## Assignment
Verbatim copy without images: return all of the data as it stands.

━━ Information given

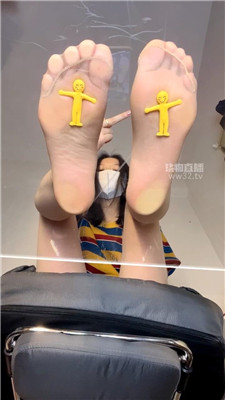 【萬一】肉丝脚底踩踏    260422-14BP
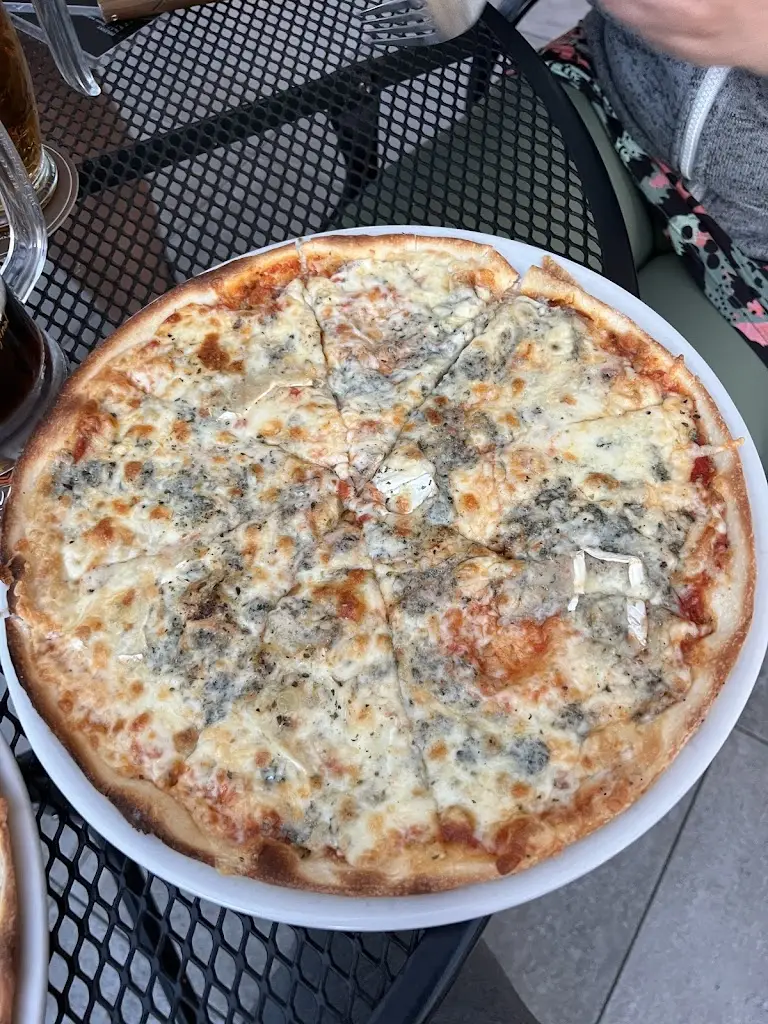 Petr Marcol_Restaurace a Pivnice, Disco&Rock Club Masaro_Bojkovice_review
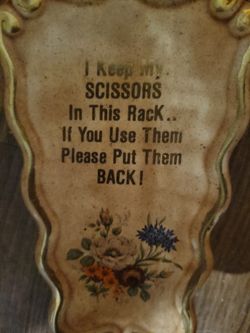 Wall Mount Scissor Holder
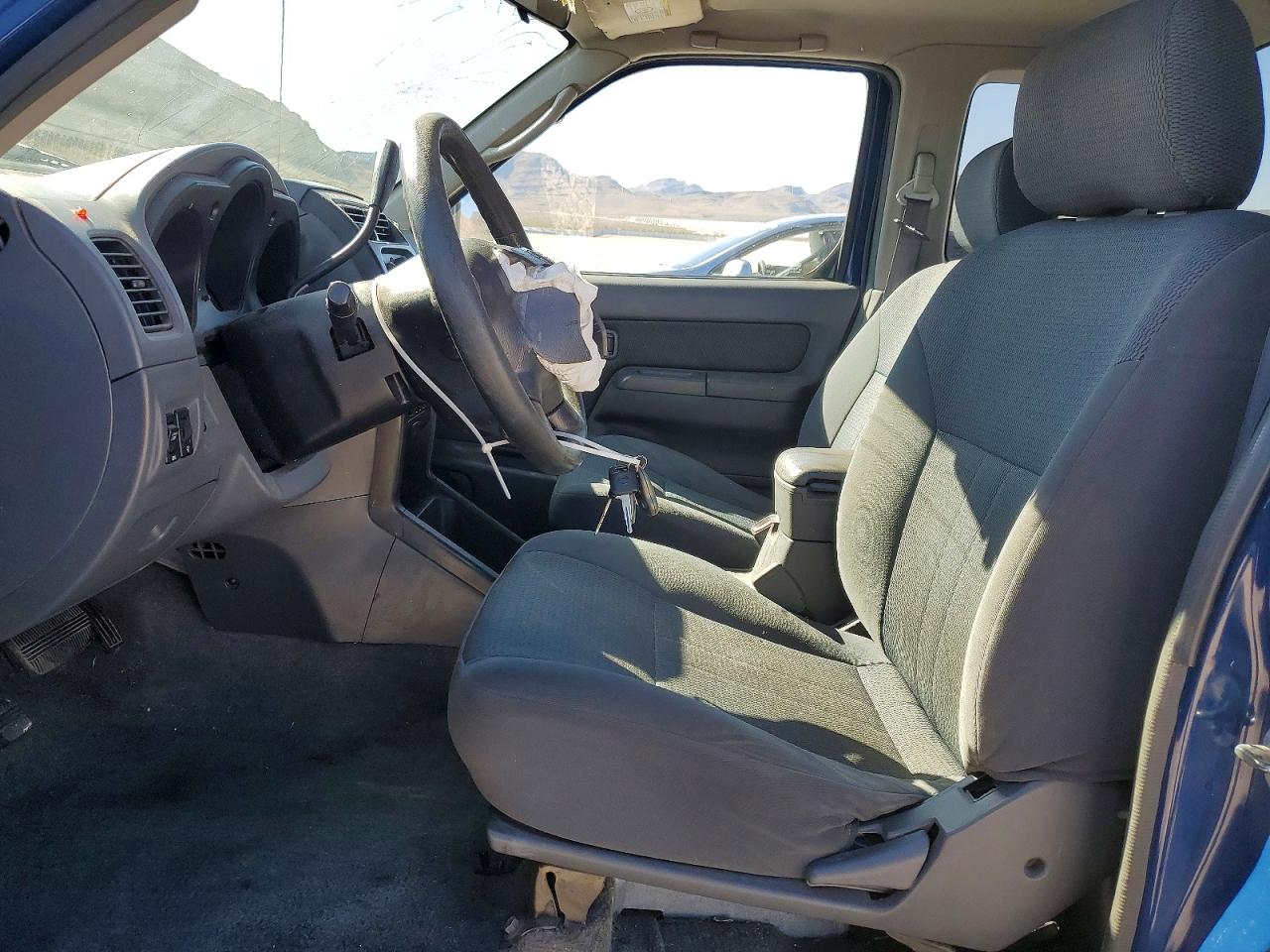 2002 NISSAN FRONTIER STANDARD photo 13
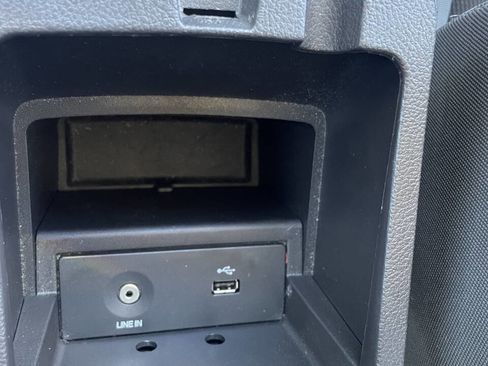 Used 2013 Ford Focus SE image 21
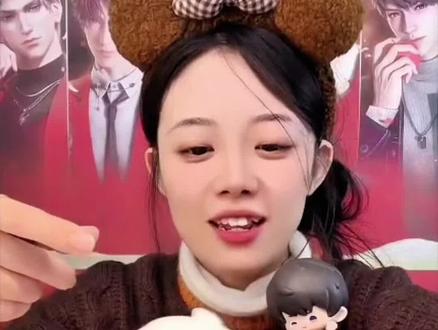 秦彻KFC联动玩具玩法介绍#爱来自深空#肯德基深空男主玩具可爱暴击 #恋与深空肯德基暖冬庆典 #深空颂歌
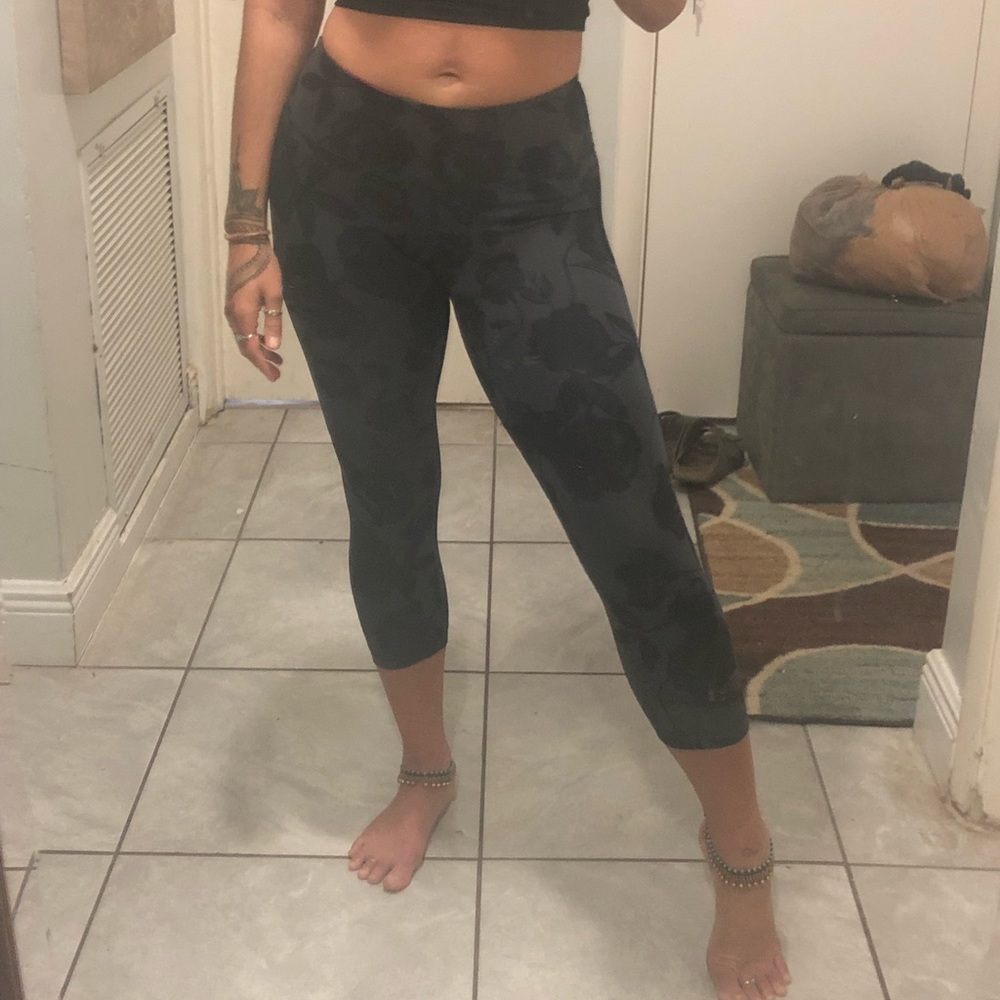 WunderUnder Luxtreme Crop - Size 6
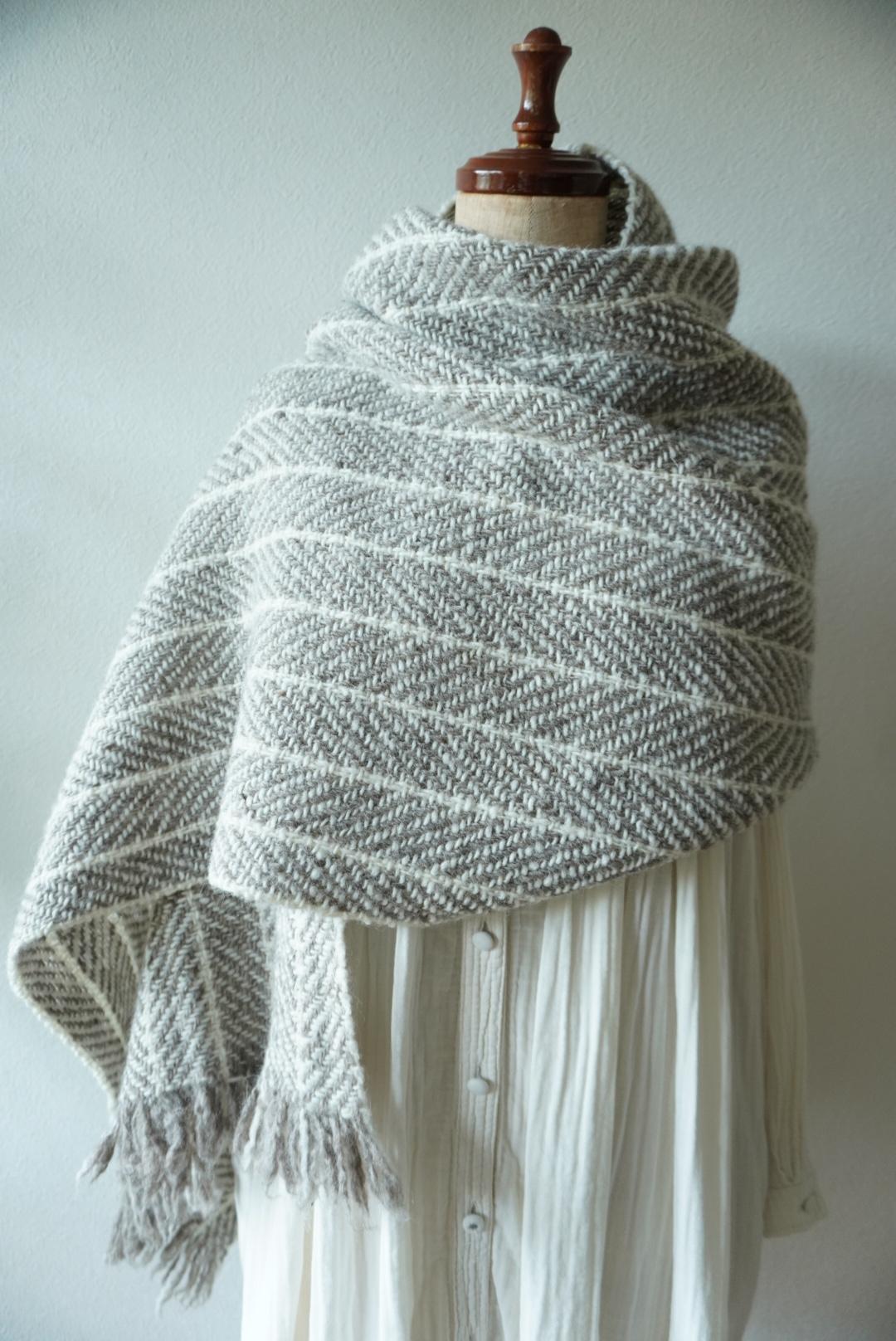 Herring bone ショール　ナチュラルライトグレー×白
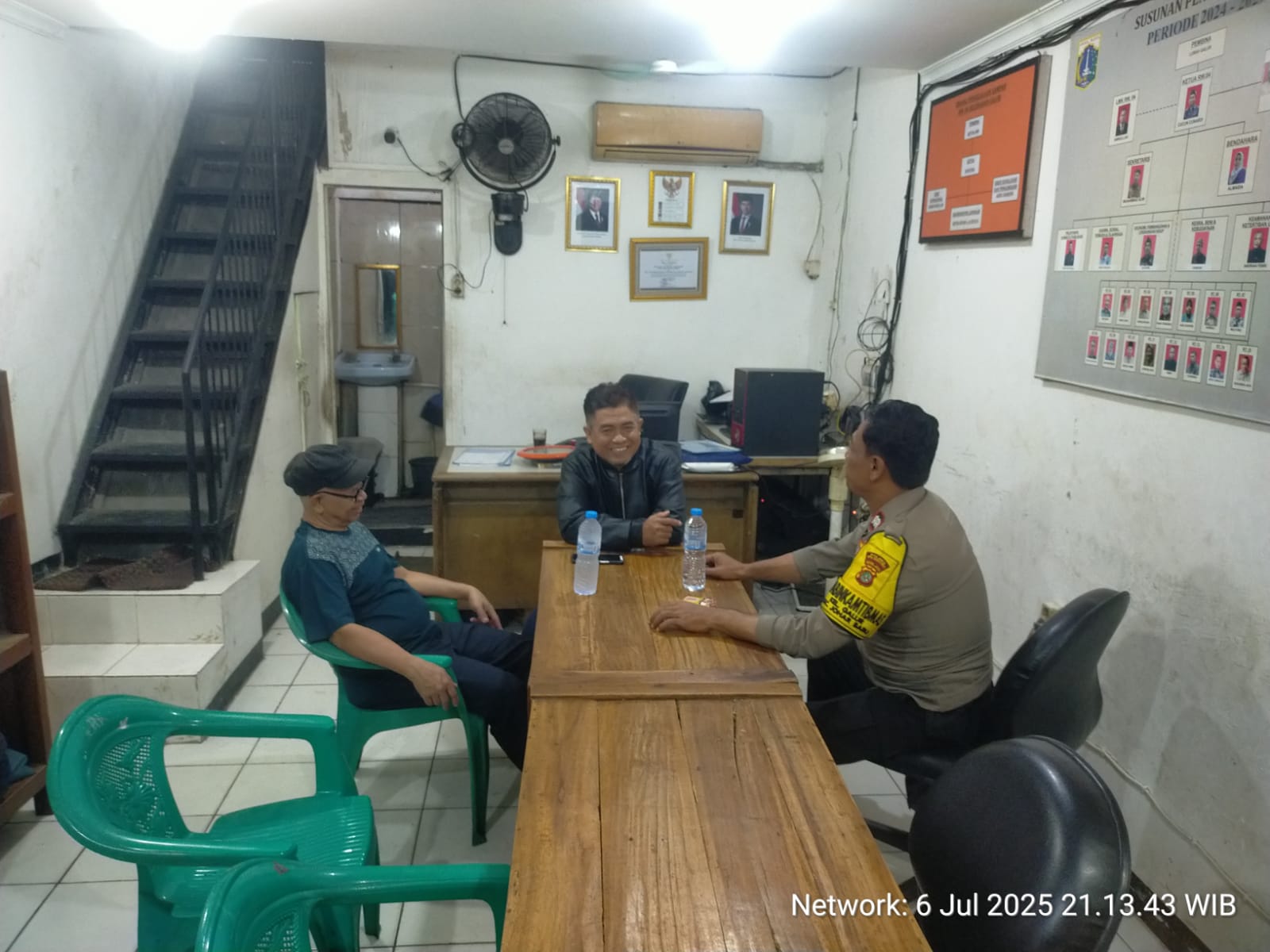 Bhabinkamtibmas Sambangi Tokoh Masyarakat RW 04 Galur, Warga Apresiasi Kepolisian Jaga Kamtibmas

━━━━

## Response for this exercise
 【萬一】肉丝脚底踩踏    260422-14BP
 Petr Marcol_Restaurace a Pivnice, Disco&Rock Club Masaro_Bojkovice_review
 Wall Mount Scissor Holder
 2002 NISSAN FRONTIER STANDARD photo 13
 Used 2013 Ford Focus SE image 21
 秦彻KFC联动玩具玩法介绍#爱来自深空#肯德基深空男主玩具可爱暴击 #恋与深空肯德基暖冬庆典 #深空颂歌
 WunderUnder Luxtreme Crop - Size 6
 Herring bone ショール　ナチュラルライトグレー×白
 Bhabinkamtibmas Sambangi Tokoh Masyarakat RW 04 Galur, Warga Apresiasi Kepolisian Jaga Kamtibmas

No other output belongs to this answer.